I broke my leg, was drugged with Serequel, and lost my husband.  Life was no longer “as usual.”

I came home after two months in three different rehabs and a trip to the ER because the last rehab had given me an antipsychotic drug (Serequel) which literally made me crazy.

Richard died in a different hospital across town while I was still in the ER.

I didn’t learn of his death for three days.  It took that long for the effects of the Serequel to wear off enough that I could process things.

When they finally told me about Richard, I was barely able to handle it. Along with the lingering effects of the Serequel, I was also infected with a urinary tract infection (UTI).
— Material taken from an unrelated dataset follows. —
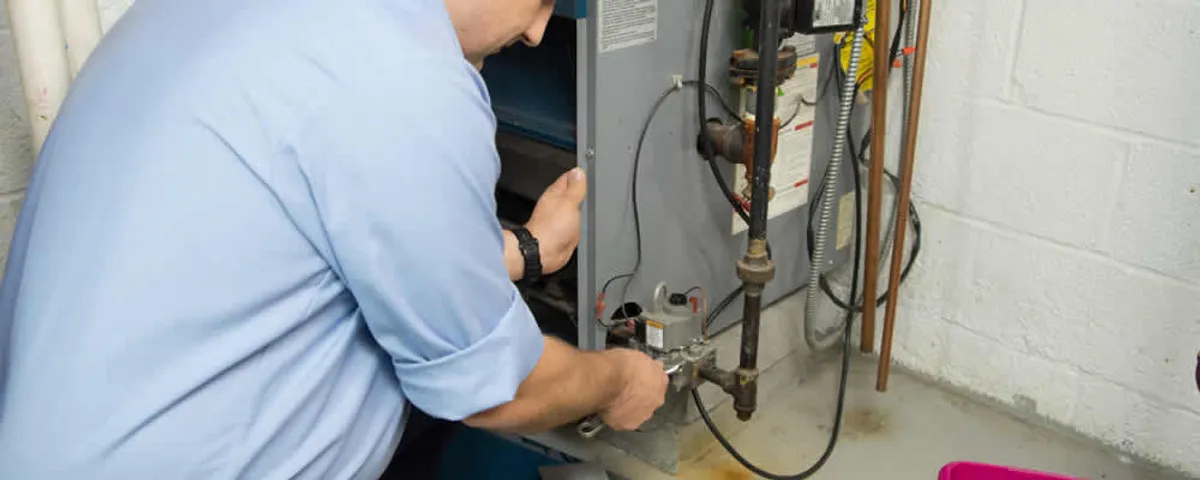 Furnace repair technician inspecting and servicing a home heating system in Newton, MA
The ER discovered it, and started me on IV antibiotic, but released me the same day with a prescription for useless antibiotic pills.

The last rehab I was in gave me Serequel because I was having delirium related to the UTI – which they neglected to test me for.  Janet kept asking them to test me for a UTI, but they never did.  They drugged me, instead.

The UTI delirium lingered on.

My behavior and mental status were concerning.  Even after the “crazy” effects of Serequel wore off, the delirium lingered on.  I was lashing out at everyone, at first.  Janet called Dr. Stella, and she called in a prescription for Macrobid, which finally cured the UTI, yet landed me in the hospital, again, with a severe lung infection that nearly killed me.  But I survived that one.  It was the one I got a year later that caused my death.

An antibiotic called Macrobid caused my death.

I was catheterized during that hospital stay, and got yet another UTI that manifested after I came home from the hospital.  Dr. Stella prescribed a different antibiotic, which significantly reduced my symptoms for awhile, but the UTI returned again and again.  She repeatedly treated me with oral antibiotic, which always helped, initiate, but never fully cured the infection.

UTI delirium often masquerades as dementia.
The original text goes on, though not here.